When baking turns into a love story.

🥰 Why You’ll Love These Cookies

🍪 Sourdough Starter – Adds that soft chew and tiny bit of tang you didn’t know your cookies needed.
🥣 Brown Sugar & Butter – Sweet, buttery, and cozy enough to make the kitchen smell like heaven.
🌾 Oats – A little hearty, a little wholesome, totally comforting.
🍫 Dark Chocolate – Melty, moody, and wildly satisfying.
🧂 Flaky Sea Salt – The sparkle that makes everything pop.

And then there’s this moment: warm cookies on the tray, butter and brown sugar in the air, chocolate glistening. Pure joy.

Freshly baked sourdough oatmeal cookies with melted dark chocolate and flaky sea salt on parchment paper.
Golden edges, melty middles, and a kitchen that smells like heaven. 💛

🍫 Baker’s Tease: Let’s Talk Chocolate

We used a mix of Ghirardelli 72% and 60% cacao chips for that melt-meets-magic balance. The darker chips keep things bold and slightly bitter, while the semi-sweet brings just enough creamy sweetness to make every bite addictive.

Want to make it your own?
Try chopped dark chocolate bars for dramatic chocolate pools, white chocolate for a playful twist, or caramel chips for a gooey surprise. There’s no wrong turn here, just melt, mix, and enjoy the cookie chaos. 🍪❤️

Let’s talk chocolate.
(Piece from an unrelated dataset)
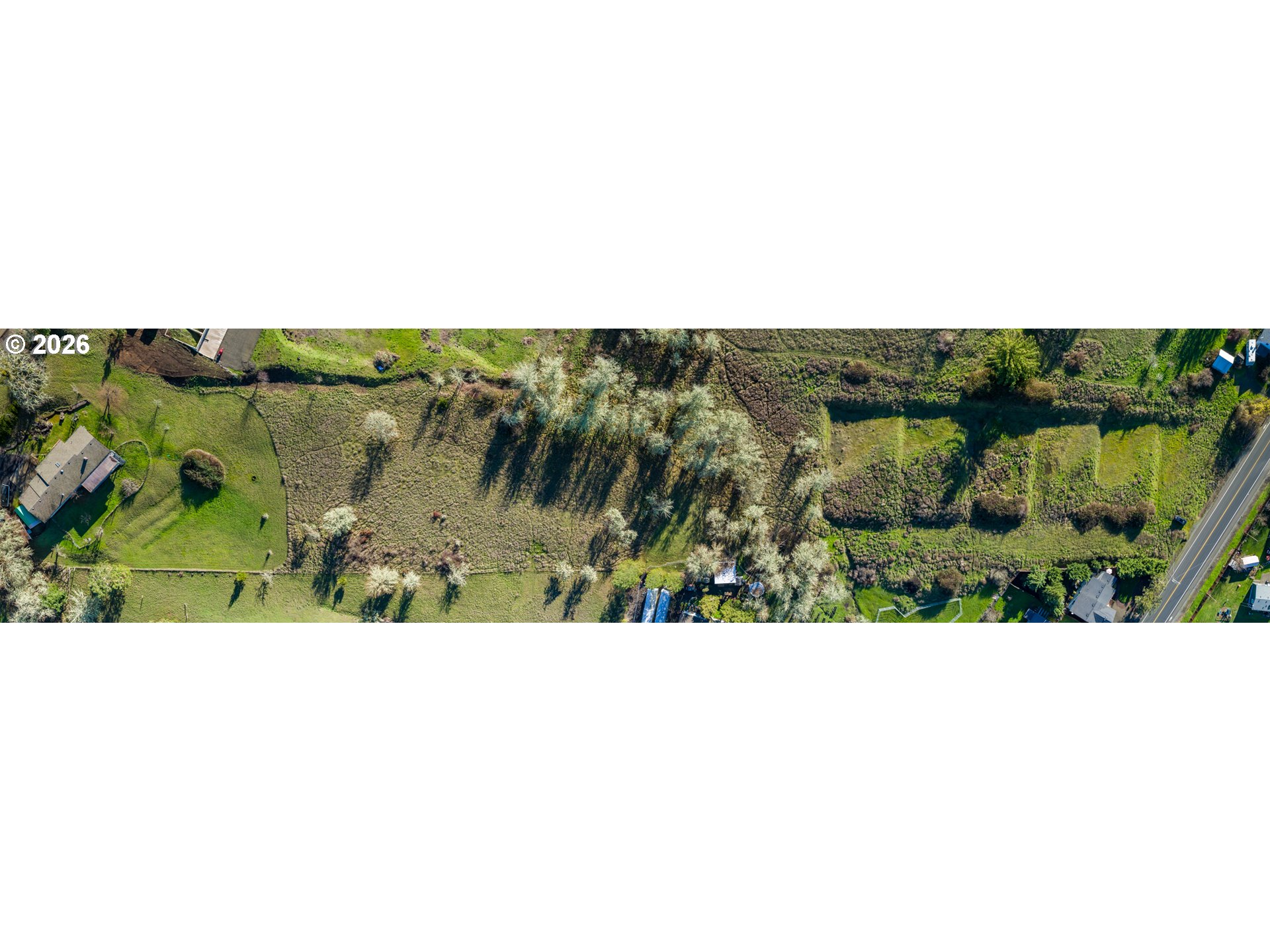 1448 Lookingglass RD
Dark, rich, and a little dramatic. It’s the part of every cookie that makes you stop mid-stir and smile.

Dark chocolate chips ready to fold into sourdough oatmeal cookie dough.
Because every great cookie deserves a little chocolate moment. 🍫

🥣 Baker’s Notes: Real Life, Real Cookies

Here’s where the magic happens and where tiny details seriously change the outcome.
These are the things that matter most:

Oats Matter

We used old-fashioned rolled oats because that’s what most of us have on hand.
To get that soft, bakery-style oatmeal cookie texture:

Pulse your rolled oats
→ 3 to 4 quick pulses
→ Break them up just a little
→ Not into flour, not left whole

This helps the dough hydrate evenly so the cookies spread properly and stay soft in the center.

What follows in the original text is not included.